Outros pontos da delação revelados pela IstoÉ:

Dilma. Três supostas tentativas de Dilma Rousseff de interferir na Lava Jato. Segundo a IstoÉ, Delcídio afirmou na delação que um encontro entre a presidente Dilma Rousseff, o então ministro José Eduardo Cardozo e o presidente do STF, Ricardo Levandowski na cidade do Porto, em Portugal, em 07/07/2015 , teve como tema "a mudança nos rumos da Lava Jato. Contudo, a reunião foi uma fracasso, em função do posicionamento retilíneo do ministro Lavandowski, ao afirmar que não se envolveria."A segunda tentativa envolveria indicar para uma das vagas no STJ o presidente do TJ de Santa Catarina, Nelson Schaefer. Em contrapartida, o ministro convocado para o TJ votaria pela libertação dos acusados Marcelo Odebrecht e Otavio Azevedo. "A investida foi em vão porque Trisotto se negou a assumir tal responsabilidade espúria. Mais um fracasso de José Eduardo em conseguir uma nomeação", contou a IstoÉ. A terceira tentativa foi a nomeação de Marcelo Navarro para o STJ.
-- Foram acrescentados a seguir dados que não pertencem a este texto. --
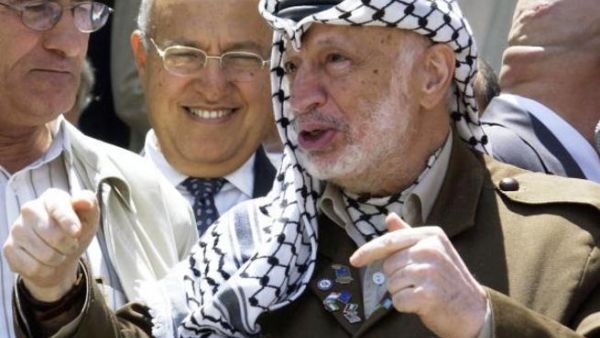 Yasser Arafat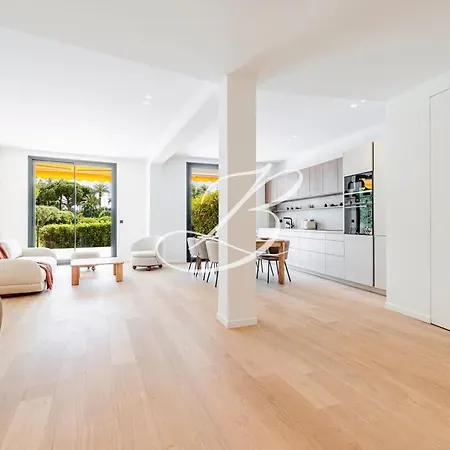 Le Jasy - Croisette Port Canto Apartmán Cannes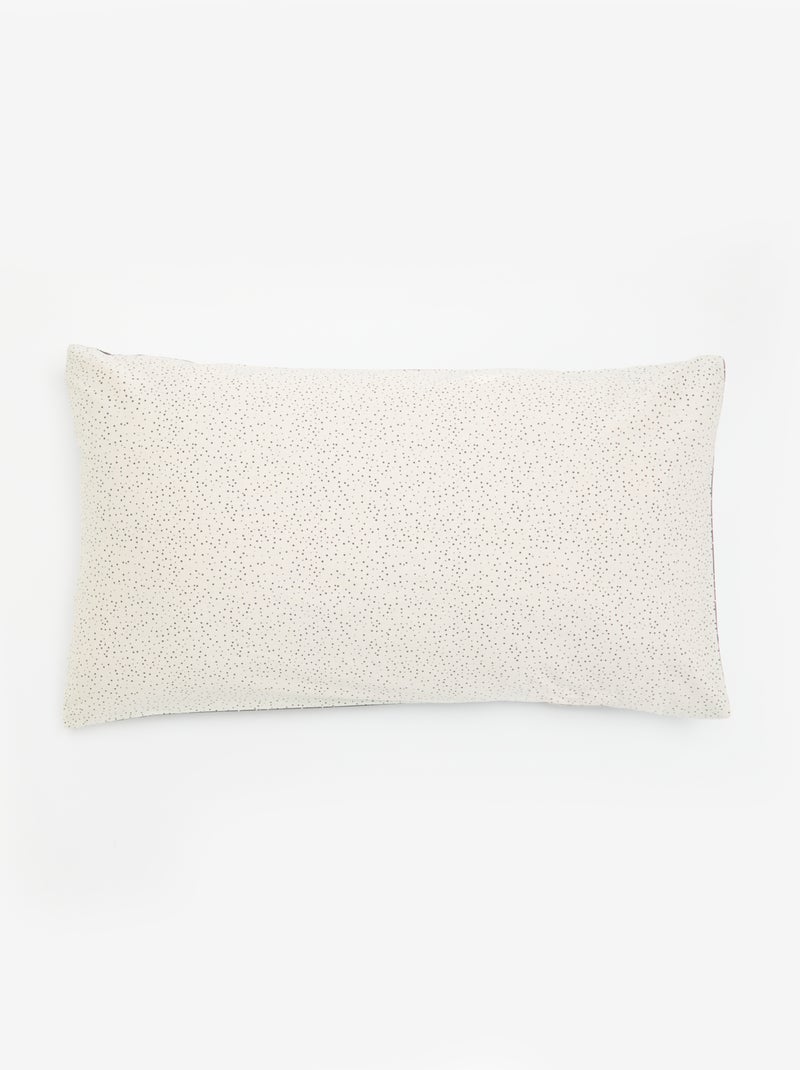 Juego de cama individual (150 x 220 cm) - Kiabi Home Gris - Kiabi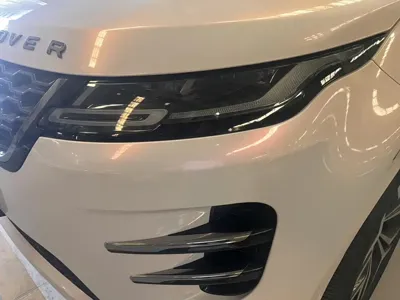 Land Rover Evoque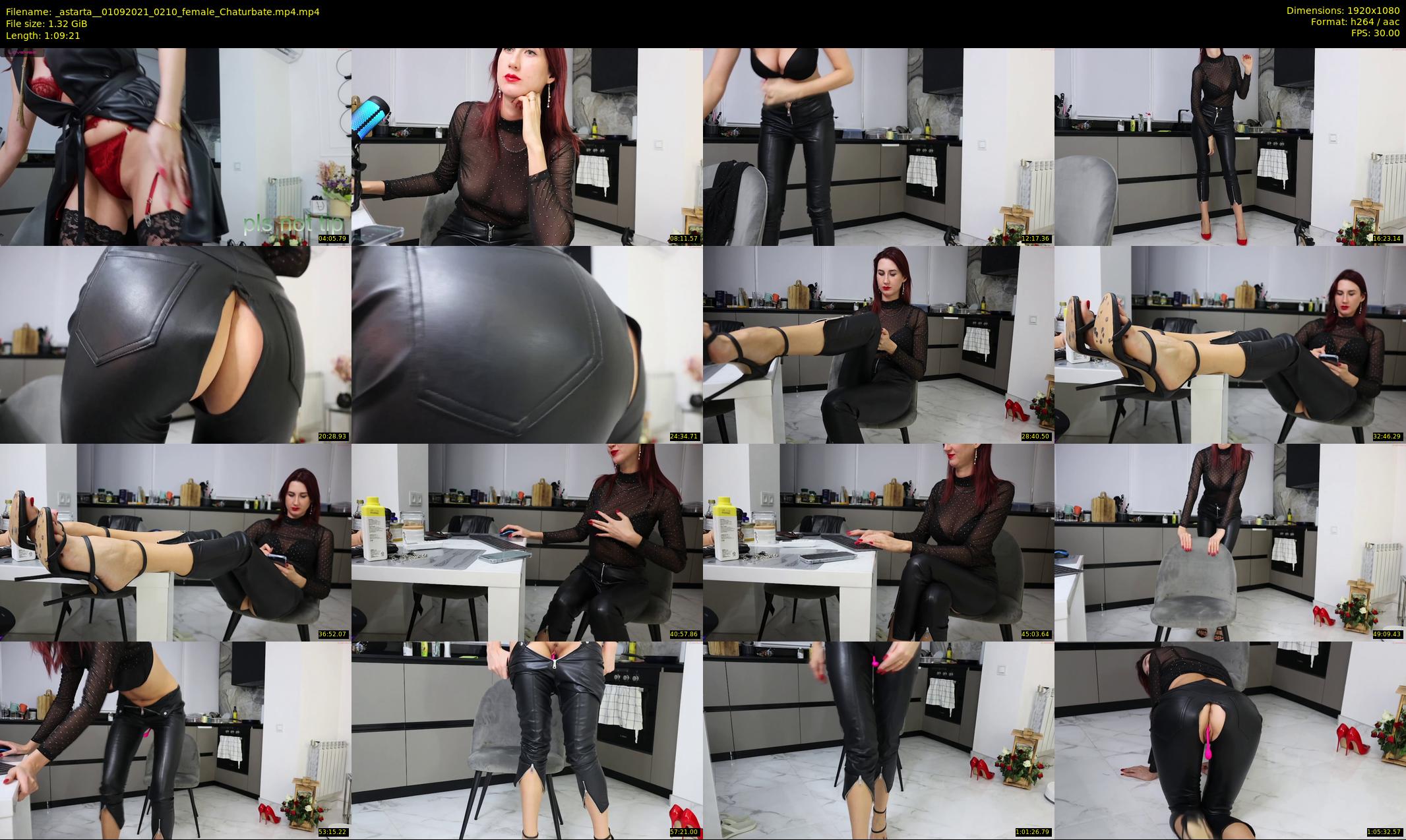 _astarta_ — 70 minute Chaturbate female cam show recording, 1080p, Sep 1, 2021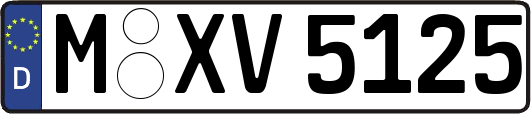 M-XV5125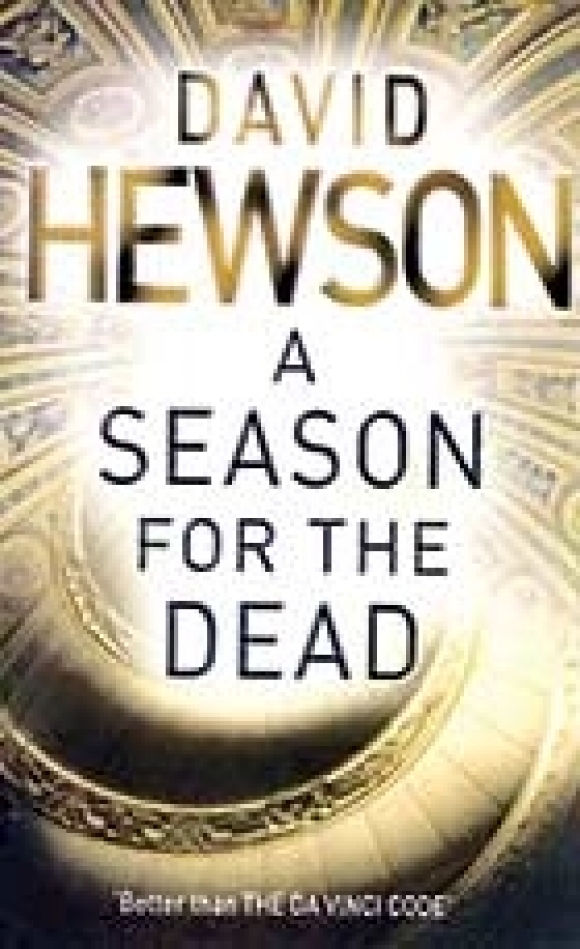 Hewson’s mysteries should come with a warning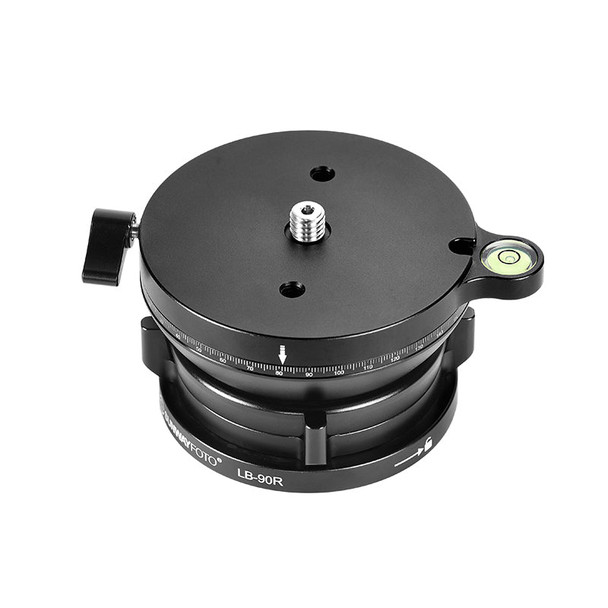 Sunwayfoto LB-90R 90mm Panoramic Levelling Base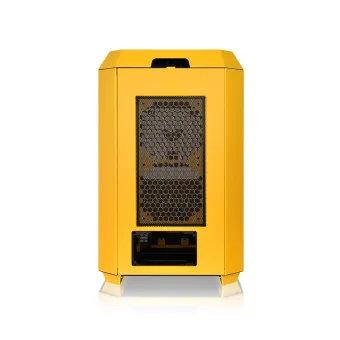 Компьютерный корпус Thermaltake The Tower 300 Bumblebee без Б/П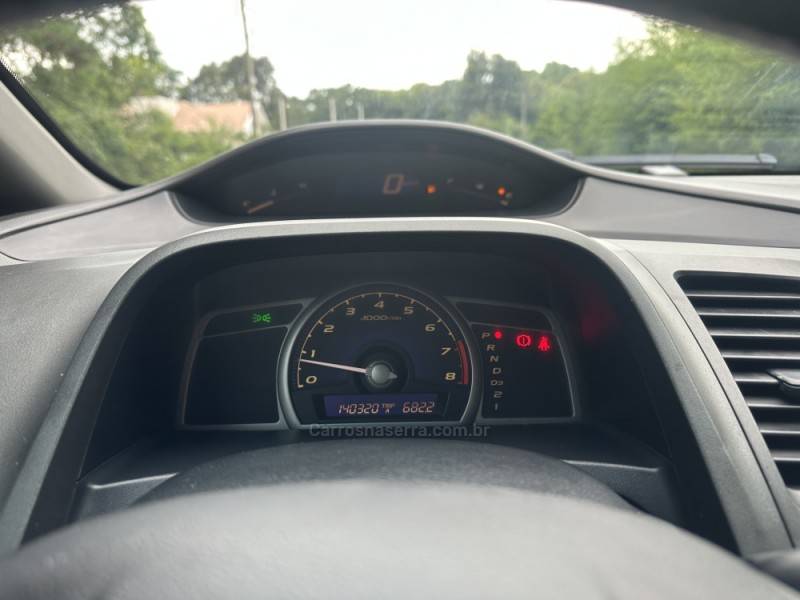 HONDA - CIVIC - 2009/2009 - Preta - R$ 49.900,00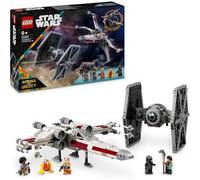 Set LEGO Star Wars 75393 : Combinaison TIE Fighter et X-Wing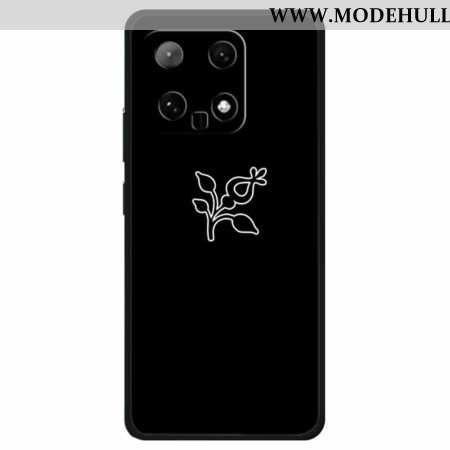 Xiaomi 14 Kleine Blume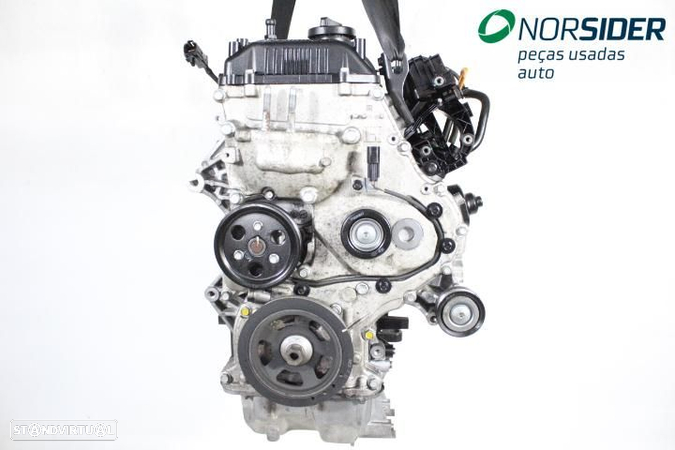 Motor Kia Rio|17-20 - 8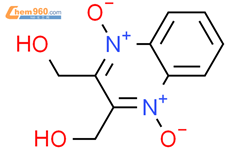 2-吡嗪乙醇，5-甲基-，1,4-二氧化物结构式图片|117887-01-1结构式图片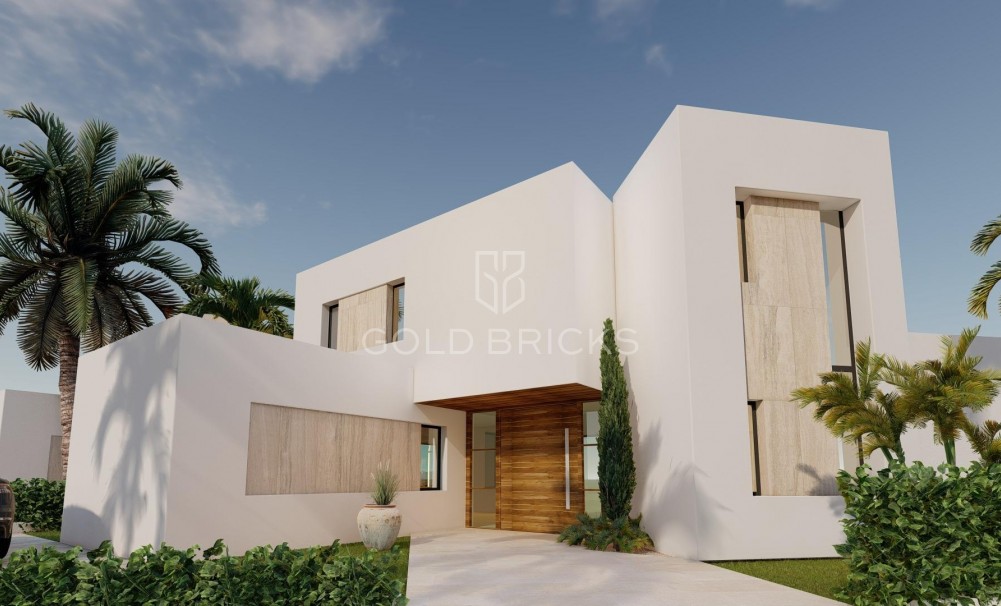 New Build · Villa · Estepona · Urb. Las Villas De Santa Maria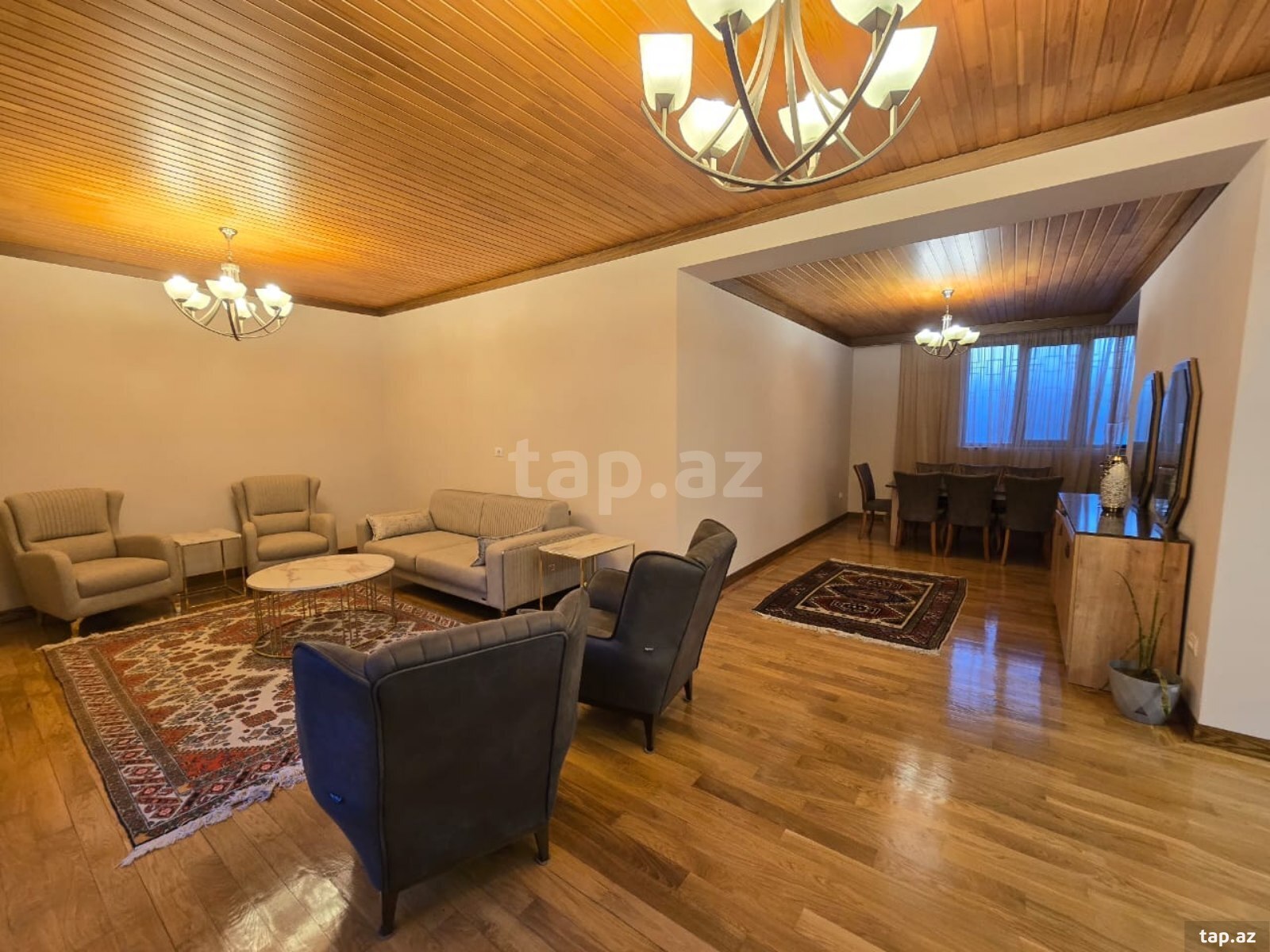 Villa, Badamdar qəs. (20)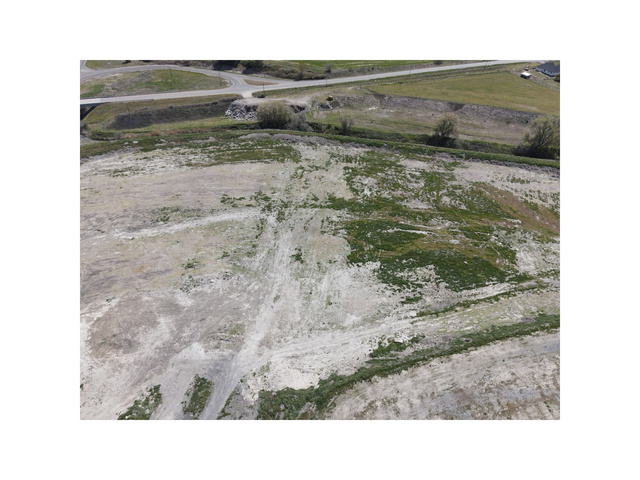 1090 East Factory Road Garland, UT 84312 - Photo 22 of 24 Aerial view of sparsely populated area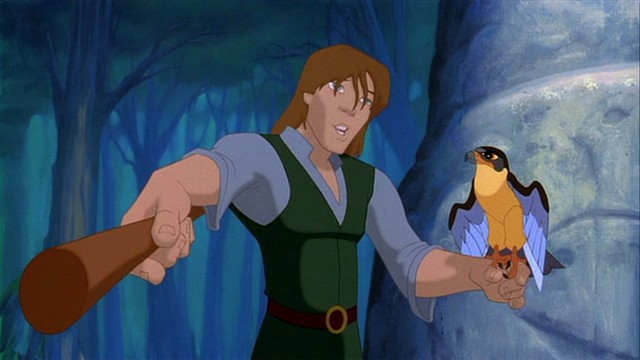 Sihirli Kılıç: Camelot'u Arayış Fotoğrafı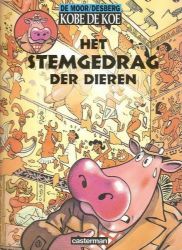 Afbeeldingen van Kobe de koe #5 - Stemgedrag der dieren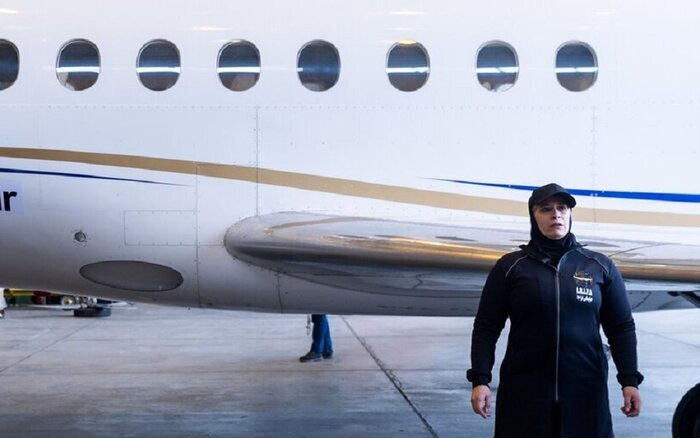 زن ایرانی با این کار وحشتناک رکورد دنیا را شکست +عکس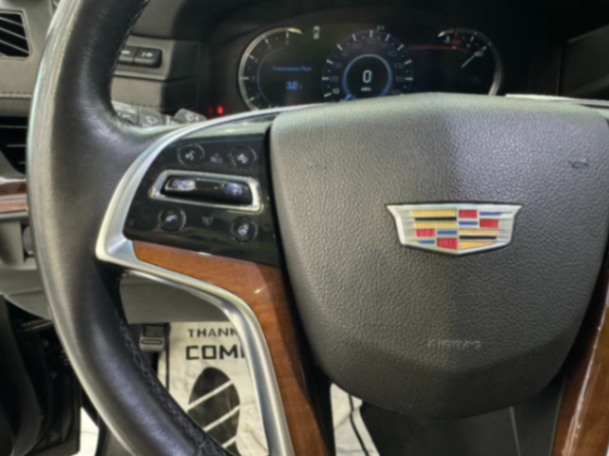 2016 CADILLAC ESCALADE ESV LUXURY63322411789827121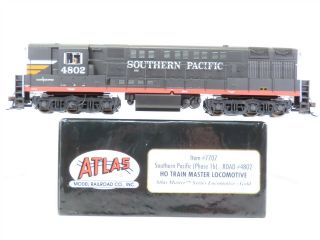 Ho Atlas Master Gold 7707 Sp Southern Pacific Trainmaster Diesel 4802 Dcc Sound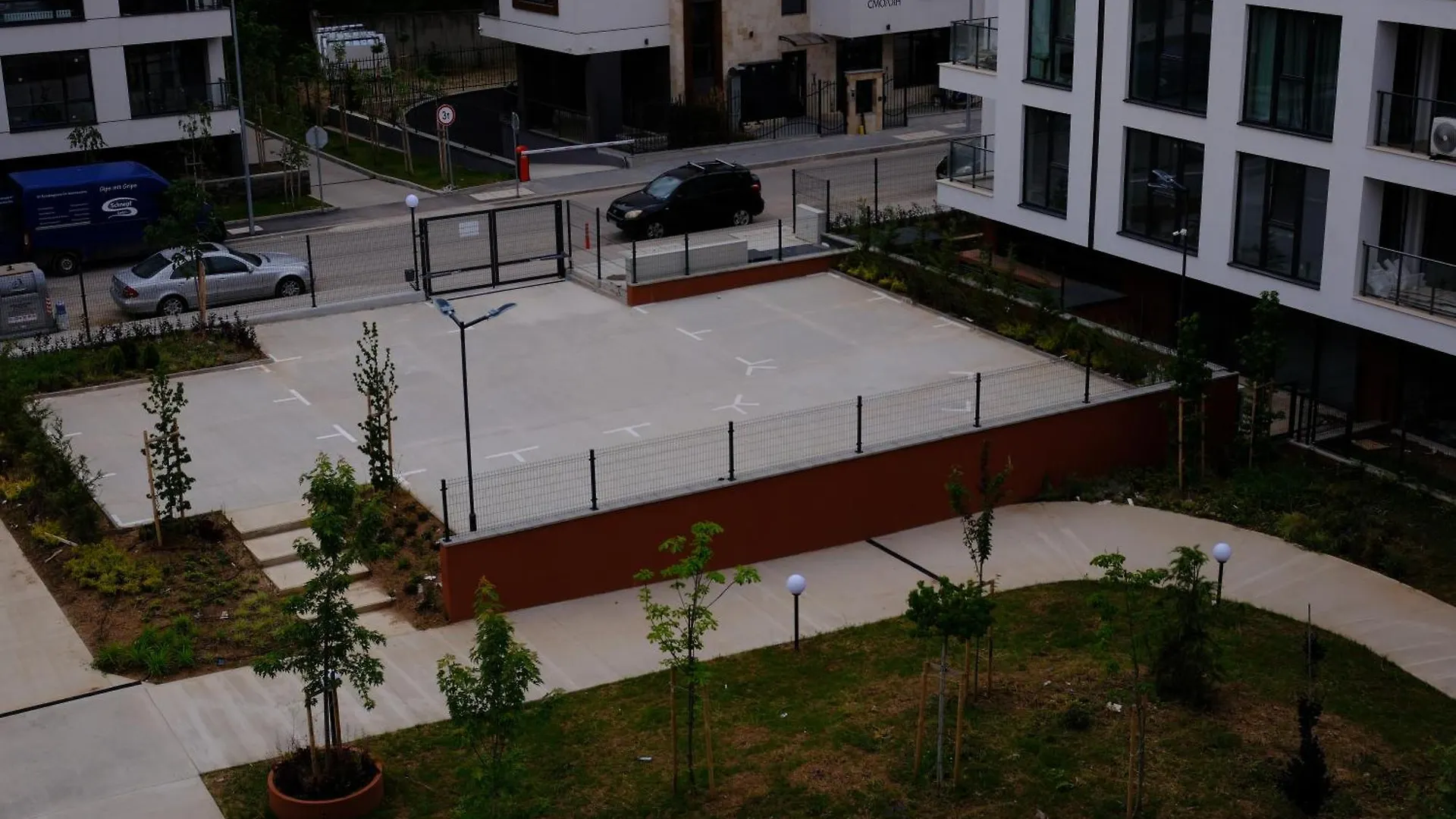 Eleve Residences - Obsidian Studios Sofya Bulgaristan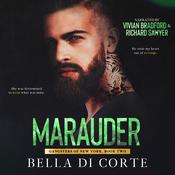 Marauder by  Bella Di Corte audiobook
Pasadena. A presidente Dilma Rousseff tinha conhecimento das irregularidades envolvendo a compra da refinaria nos Estados Unidos: "Dilma Rousseff, como então presidente do Conselho de Administração da Petrobras, tinha pleno conhecimento de todo o processo de aquisição da Refinaria de Pasadena e de tudo o que esse encerrava. A alegação de Dilma de que ignorava o expediente habitualmente utilizado em contratos desse tipo, alegando desconhecimento de cláusula como put option, absolutamente convencional, é, no mínimo, questionável. Da mesma forma, discutir um revamp de refinaria que nunca ocorreu, é inadmissível. A tramitação do processo de aquisição de Pasadena durou um dia entre a reunião da Diretoria Executiva e o Conselho de Administração. Delcídio esclarece que a aquisição de Pasadena foi feita com o conhecimento de todos. Sem exceção".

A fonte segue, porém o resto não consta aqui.